This winter has been an ongoing battle against under-house moisture and in-house mildew, in part due to the previous owner allowing gutters at a corner of the house to spill their load next to the foundation for years. We’ve been jamming on the beast, installing vapor barriers under the house, caulking baseboards and floor cracks, repainting closets with mildew-resistant paint, ripping out the strange 1940s built-in shoe racks that had warped and were letting in-wall air into the house… a brutal seek and destroy mission.
Fixed the corner gutter a long time ago, but gutters in general are slip-shod — four mismatched systems assembled over the years, held together with bailing wire and chewing gum. Finally decided it was time for new ones.

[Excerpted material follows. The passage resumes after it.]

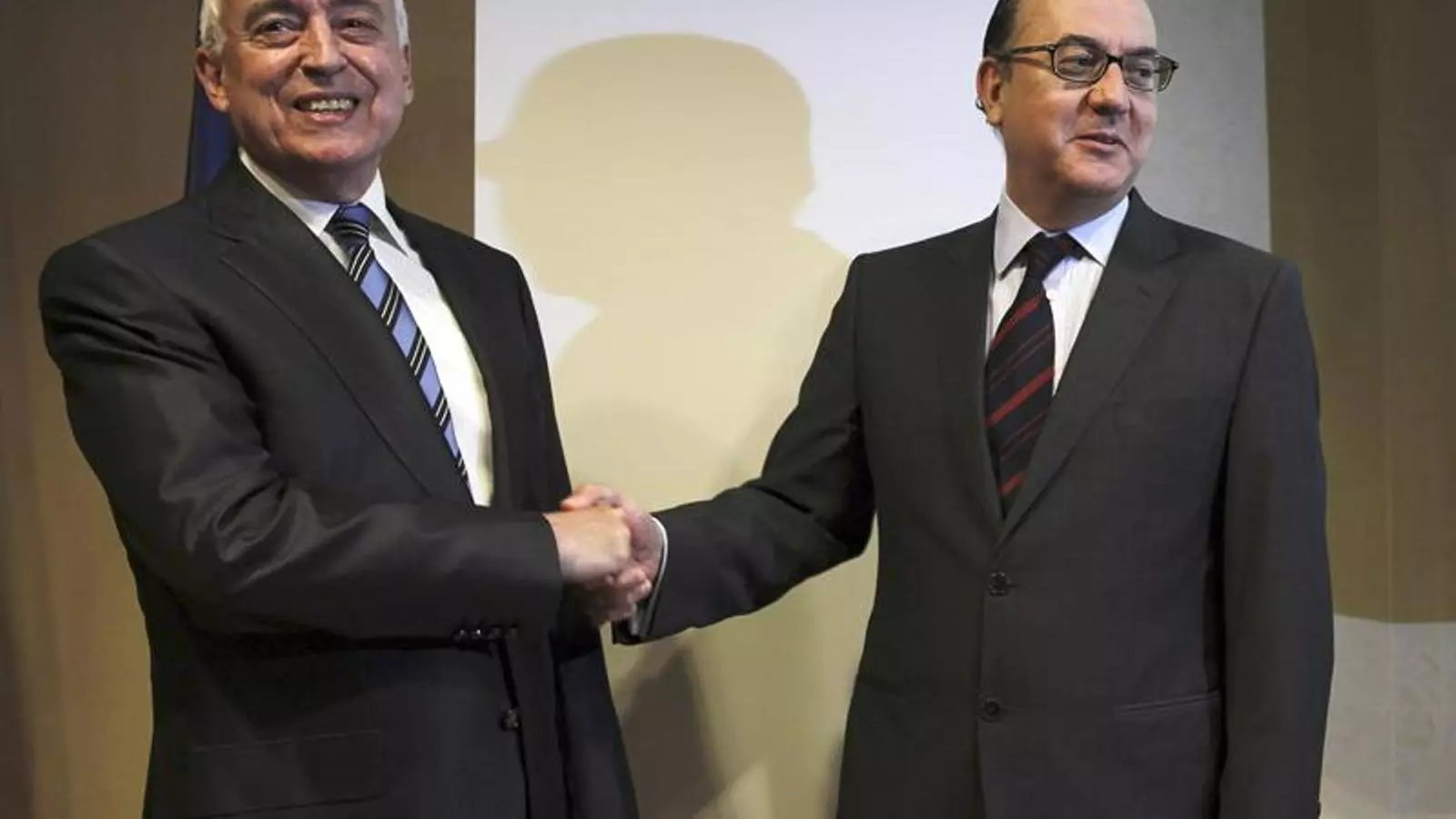 El fins ara president de l'AEB, Miguel Martín, amb el seu successor, José María Roldán. EFE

Gutter Dude claimed that his gutters were “seamless.” I wondered, since one length of the house is almost 60 ft., could they have a truck long enough to bring in seamless gutters? “We make them on the spot,” he claimed, “With your choice of paint already baked in.” Huh? Today it all made sense — they arrive with a trailer rig bearing a big roll of colored aluminum ribbon, and press it through a creasing machine to exact lengths. Simple and brilliant.
Not to pry too deeply but what did that run you per foot?
(Answered this off-line)
ditto what Les says: What did it cost per foot?
Marlin, it’s been a long time now and I don’t remember exactly, but it came to $3k for the entire house and garage. The house is about 70’x40′ and the garage about 20’x20′.
Most companies tout their “seamless gutters,” but basically all reputable gutter installers provide seamless gutters. It’s just marketing terminology really, because in most cases, non-seamless gutters don’t hold water the same way!